WORK INSTRUCTIONS:
Every line of the data should be written out exactly, with the pictures left out.

DATA BELOW:
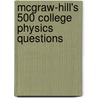 McGraw-Hill's 500 College Physics Questions door Alvin Halpern
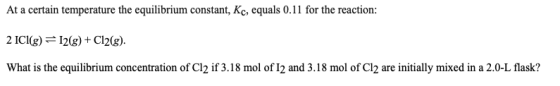 At a certain temperature the equilibrium constant, Kc, equals 0.11 for the reaction: 2 IC1(g)=12(8) + Cl2(g). What is the equ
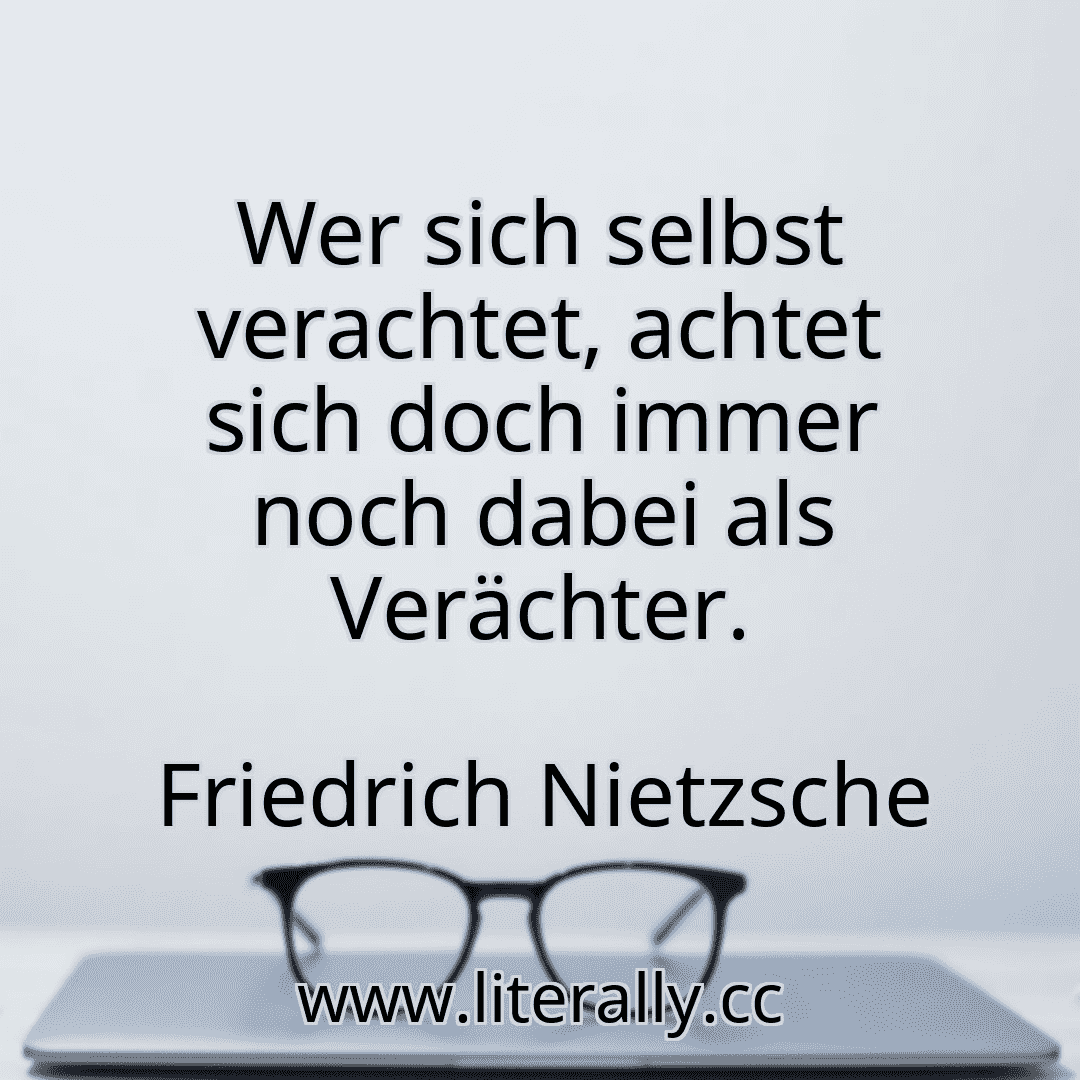 Wer sich selbst verachtet, achtet sich doch immer noch dabei als Verächter.
Friedrich Nietzsche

RESPONSE TO THE TASK:
 McGraw-Hill's 500 College Physics Questions door Alvin Halpern
 At a certain temperature the equilibrium constant, Kc, equals 0.11 for the reaction: 2 IC1(g)=12(8) + Cl2(g). What is the equ
 Wer sich selbst verachtet, achtet sich doch immer noch dabei als Verächter.
Friedrich Nietzsche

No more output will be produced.